Certain information and footnote disclosures normally included in
financial statements prepared in accordance with generally accepted
accounting principles have been condensed or omitted pursuant to such
rules and regulations, although the Company believes that the
disclosures are adequate to make the information presented not
misleading. These financial statements should be read in conjunction
with the consolidated financial statements and the notes thereto
included in the Company's Report on Form 10-K for the period ended
June 30, 1996.
In the opinion of management, the accompanying unaudited financial
statements contain all adjustments, consisting only of normal
recurring adjustments, necessary to present fairly (a) the financial
position as of December 31, 1996, (b) the results of operations for
the six and three month periods ended December 31, 1996 and 1995 and
(c) cash flows for the six month periods ended December 31, 1996 and
1995.
- 5 -
<PAGE>
MANAGEMENT'S DISCUSSION AND ANALYSIS
OF FINANCIAL CONDITION AND RESULTS OF OPERATIONS
RESULTS OF OPERATIONS
SIX AND THREE MONTHS ENDED DECEMBER 31, 1996 AND 1995
Revenues for the six month and three month periods ended December 31,
1996 increased to $3,559,210 and $3,501,959 respectively, from $108,022 and
$58,002 for the comparable 1995 six and three month periods. The increases
are primarily related to revenue recognized in the current period from the
sale of certain distribution and subdistribution rights in certain films to a
third party for $1,075,000, recognition of a gain in the amount of $2,197,468
from the cancellation of a contractual obligation related to the Company's
distribution rights in "Wuthering Heights", and recognition of a gain in the
amount of $198,567 from the settlement of an outstanding litigation with
Generale Bank (formerly known as Credit Lyonnais Bank Nederland N.V.) and
Cinecom Entertainment Group Inc.
Costs related to revenues decreased to $1,335,832 and $1,332,830
respectively, for the six and three month periods ended December 31, 1996
from $3,235,258 and $3,202,856 respectively, for the six and three month
periods ended December 31, 1995. The decrease is primarily related to the
write-off taken in the amount of $3,076,000 in the 1995 second quarter
relating to the carrying value of the Company's joint venture interest in
four theatrical motion pictures which were sold in January 1996. This was
partially offset by a write-off of film costs in the amount of $951,710
relating to the termination of the Company's distribution rights in
"Wuthering Heights" and a write-off of unrecouped distribution costs in the
amount of $256,224 relating to the sale of distribution and subdistribution
rights in certain films (as noted above).

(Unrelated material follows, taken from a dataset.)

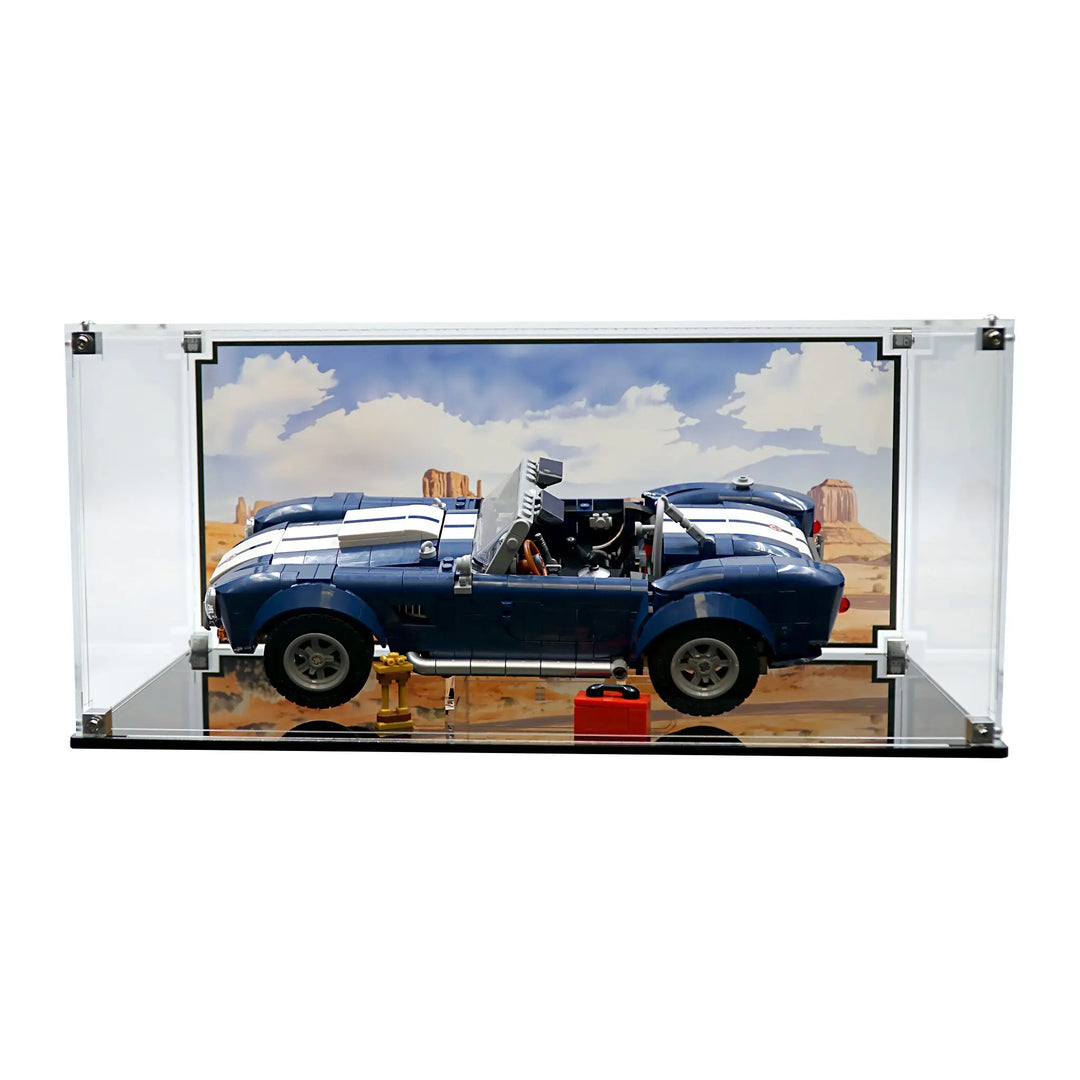 Brickcessories  Display Case for 10357 - Shelby Cobra 427 S/C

Selling, general and administrative expenses increased $145,208 (20%) to
$874,896 for the six month period from $729,688 for the comparable 1995
period. For the 1996 three month period such expenses increased $109,383
(27%) to $521,422 from $412,039 for the 1995 three month period. The
increases are primarily due to higher legal and accounting fees and costs
related to the holding of the Company's annual shareholder meeting.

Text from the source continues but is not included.